** DATA SEGMENT follows **

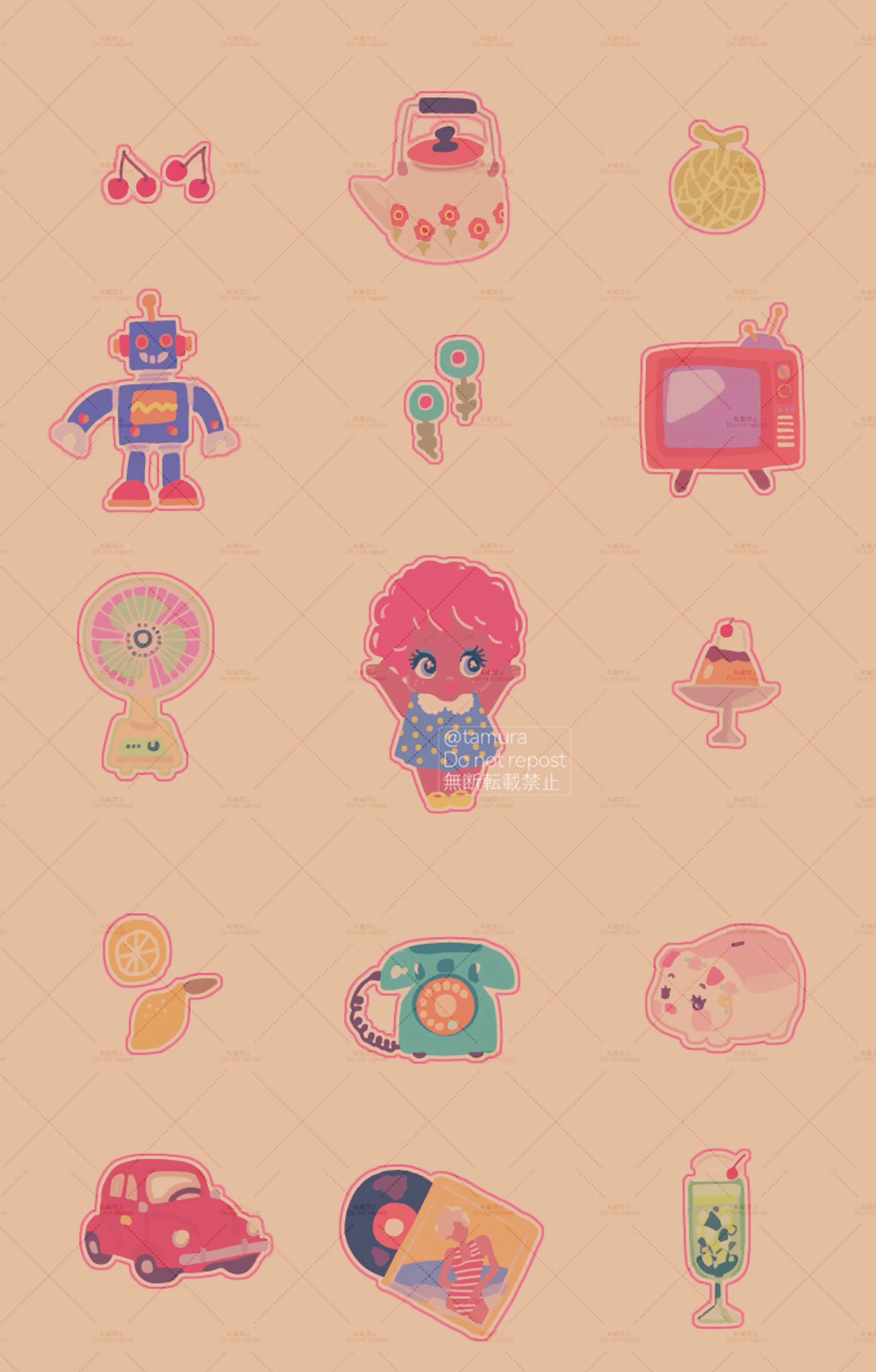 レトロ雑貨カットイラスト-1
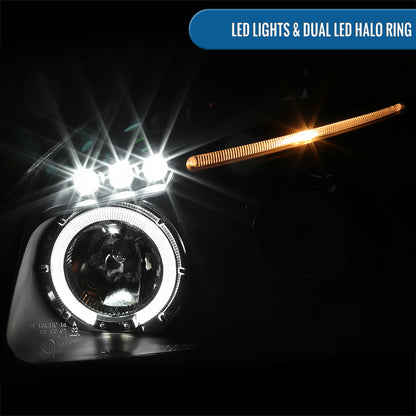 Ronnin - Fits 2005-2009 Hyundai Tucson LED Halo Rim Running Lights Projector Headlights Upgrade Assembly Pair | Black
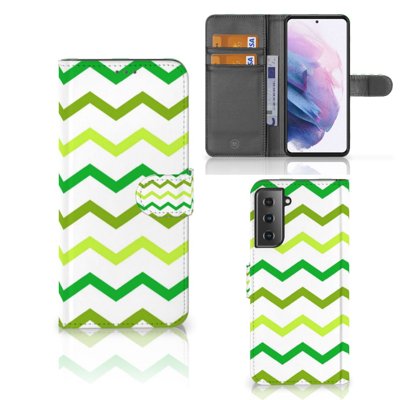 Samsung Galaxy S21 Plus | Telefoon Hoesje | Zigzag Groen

** End of DATA SEGMENT **

◆ TASK OBJECTIVE ◆
Copy all of the listing word for word, minus the images.

◆ EXPECTED ANSWER ◆
 レトロ雑貨カットイラスト-1
 Ronnin - Fits 2005-2009 Hyundai Tucson LED Halo Rim Running Lights Projector Headlights Upgrade Assembly Pair | Black
 Samsung Galaxy S21 Plus | Telefoon Hoesje | Zigzag Groen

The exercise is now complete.